ARCHITECT

INCHES GELETA ARCHITETTI

PROJECT

MUSEUM MECRÌ EXTENSION 2016

MeCri Museum began with the dream of a 80 year old woman to realize a museum in memory of her father Aldo Crivelli, who was a famous archaeologist and painter of the southern Swiss region of Ticino, and her daughter that passed away at a very young age. The idea was to refurbish an existing building in her beloved old town of Minusio and convert it into a museum to display the artwork of her father and other artists. After years of searching, our client bought an old house of the XIX century in a protected area and our studio was contacted in 2012 to start on the project; its first step was completed in 2014 with the refurbishment and transformation of the existing building.

The extension was planned in 2012 and realized in 2016. The intervention leaves the existing stone walls (protected by regional law) untouched. At the same time it creates a dialogue with them, through materiality and by recalling their existing height and length. As the old stone walls degrade through time, the new concrete boundaries will stand on their place. The concrete was washed in order to create a finishing that integrates with the context. The walls of the intervention define an inner courtyard thought as a void that connects the two parts of the museum MeCrì.

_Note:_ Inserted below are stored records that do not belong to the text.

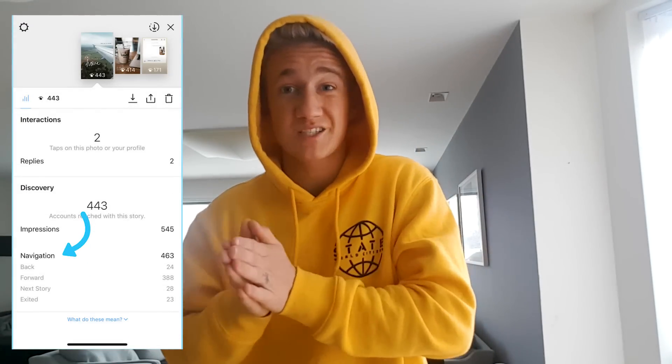Tip number six is to use story analytics. This is really important because you want to know which stories on your account are performing and which aren't. When you go to your story and swipe up, you can see the analytics. Look at back, forward, exits, and next story. Exits are the worst — if a lot of people exit out of your story after seeing it, Instagram is not going to rank it, because it signals people are leaving after seeing your content.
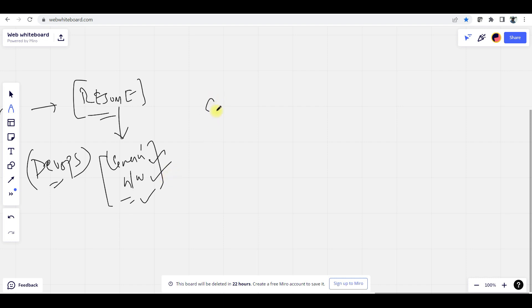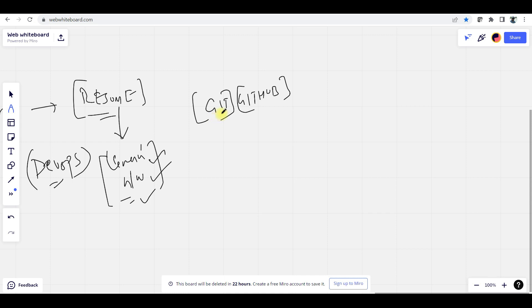Next, we will talk about Git and GitHub. Git to GitHub plays a very important role, especially whenever it comes to integration and automation.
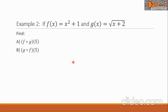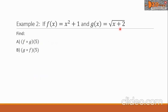Let us have Example 2. There are two functions: f of x equals x squared plus 1, and g of x equals the square root of the quantity x plus 2. Find: letter a, f composed with g at 5, and letter b, g composed with f at 5.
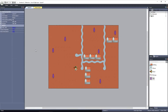The Line of Sight Behavior can be used to determine if two objects can see each other. In other words, they are in range of each other, and there are no obstacles in the way blocking their Line of Sight. Let's take a look at how to get an object set up with the Line of Sight Behavior.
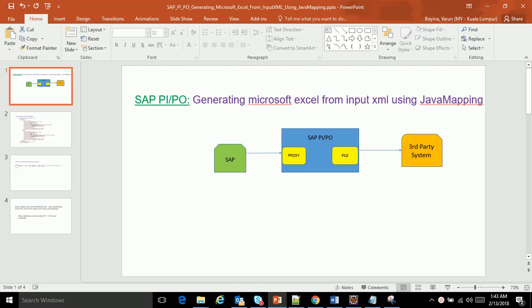Hello everyone, good morning. I am Varun. Through this demo or video, I would like to show how to generate a Microsoft Excel file from input XML using Java mapping through SAP PIPO as a middleware.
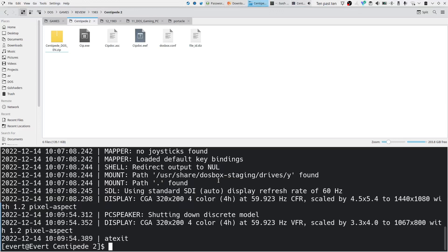That was the review of the IBM version of Centipede. It's up to you to decide which one is better if you played both. I like the firing sound of this one but all the other sounds is a little bit not as good.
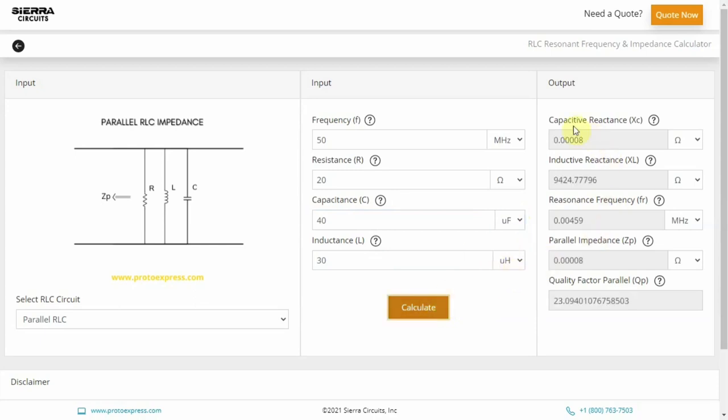The tool now displays the value of capacitive reactance, inductive reactance, resonance frequency, parallel impedance since we chose parallel RLC circuit, and the quality factor.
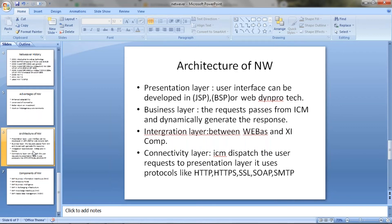The integration layer is the integration between WebAs and XI (Exchange Infrastructure) components. It uses protocols like HTTP, HTTPS, SSL, SOAP, or SMTP. These are the protocols used by the Netweaver system.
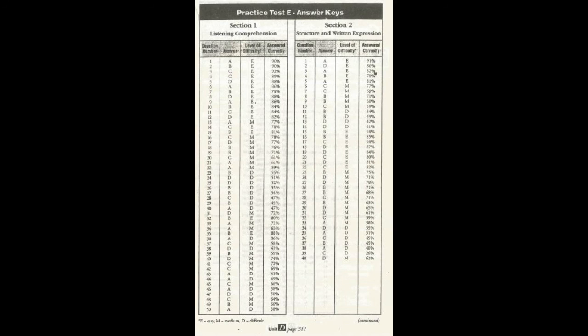This is the end of Section 1 of Practice Test E. Turn off your cassette player. Set your clock for 25 minutes and begin work on Section 2.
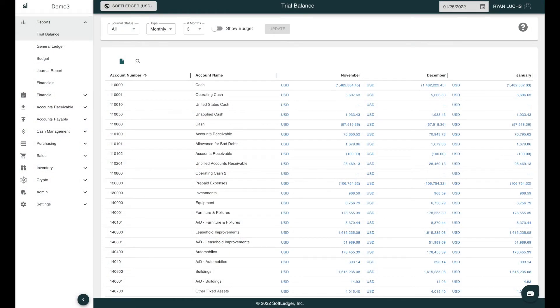First, you need to navigate to the Report Editor, which is located under the Admin drop-down menu here.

A pitched roof that is integrated in its surroundings, thanks to its form and materiality, covers the new exhibition room. The 9m skylight crowns the top of the roof and creates a mystic atmosphere in the interior of the pavilion. The monolithic mass of the roof is strengthened by the use of local stone as a cladding. It’s a gneiss stone from the Vallemaggia region nearby Locarno and the construction site. It clearly recall the old stone roofs that surround the site thanks as well to the way the cladding was placed; it’s done in striped and the cut was done using a technique that leave the cut part of the stone visible on the exterior (“controvena”). The use of stone allowed us to combine a formal expression which we find appropriate with the functional need of waterproofing the pitched roof.